Extract exactly and only the lines from the one containing "Продава 3-СТАЕН, гр." through the end of the entries below. Pictures should not appear in the copy.

#### MATERIAL FOR THE TASK ####

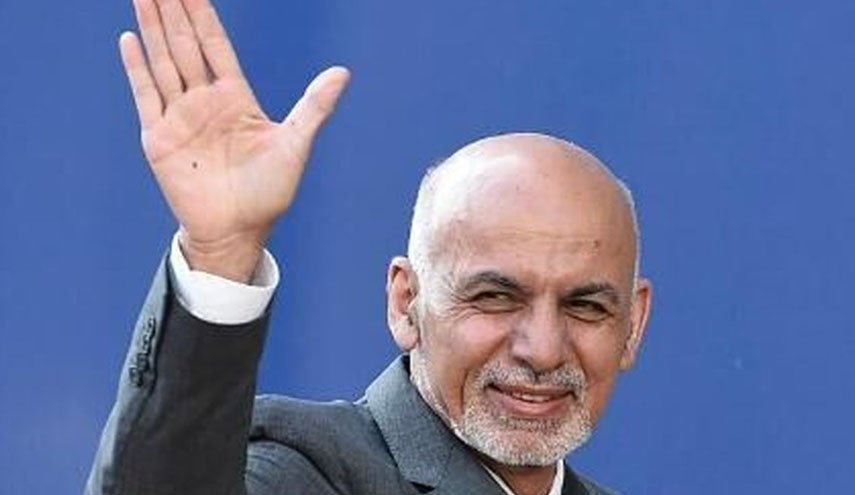 امارات حضور رییس جمهور فراری افغانستان در این کشور را تایید کرد
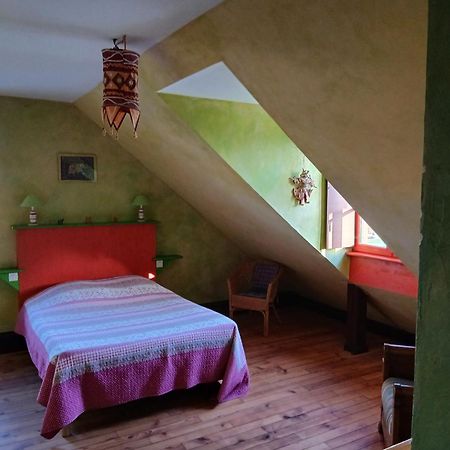 La Jameliniere Hotel Chailland Luaran gambar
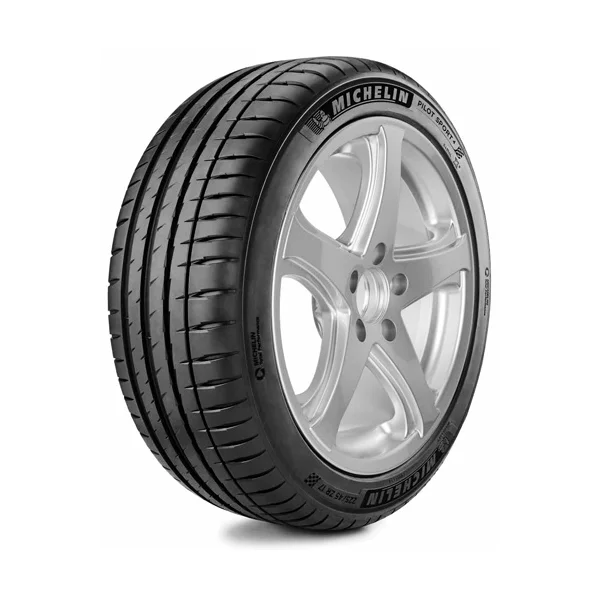 MICHELIN L285/35 ZR20 PILOT SPORT 4 104Y XL ZP RG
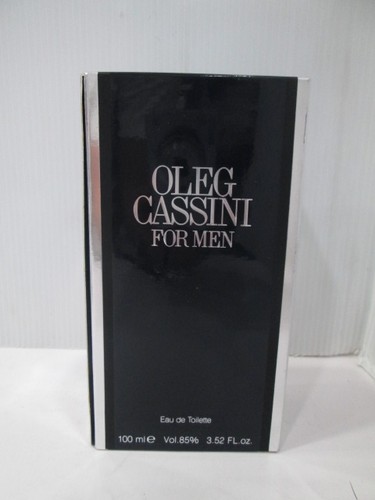 Oleg cassini for men - cassini, profumo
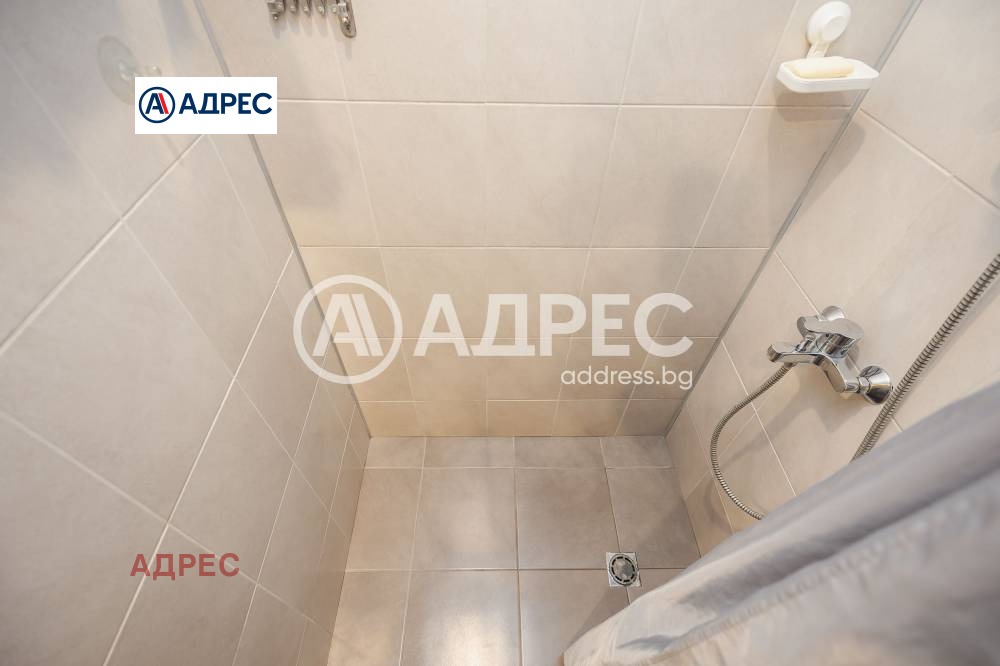 Продава 3-СТАЕН, гр. Варна, Гранд Мол, снимка 15 - Апартаменти - 55112565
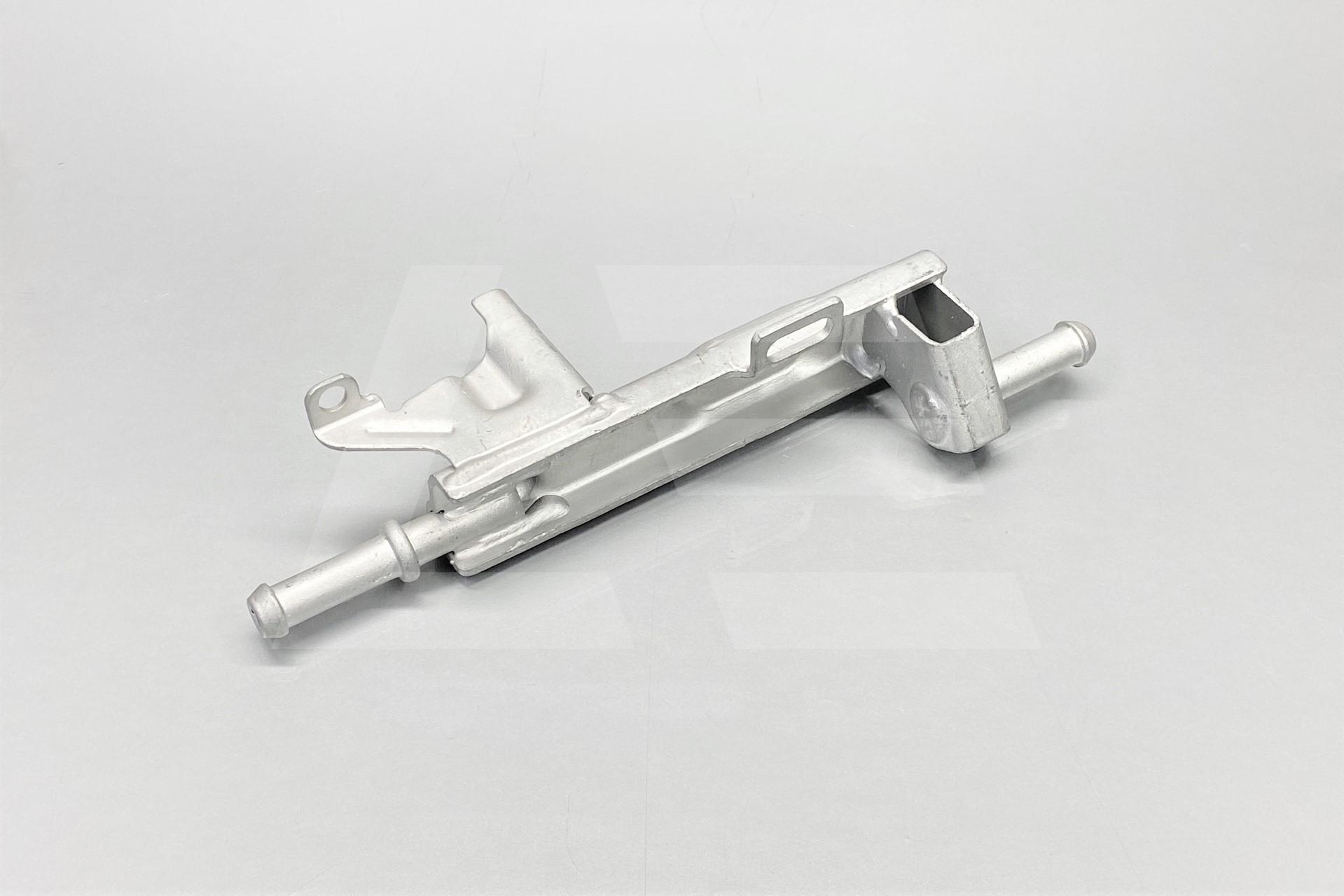 Mercedes MB A2054923541 Кронштейн система выпуска, левый Изображение №1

####

▸ **YOUR SOLUTION**:
 Продава 3-СТАЕН, гр. Варна, Гранд Мол, снимка 15 - Апартаменти - 55112565
 Mercedes MB A2054923541 Кронштейн система выпуска, левый Изображение №1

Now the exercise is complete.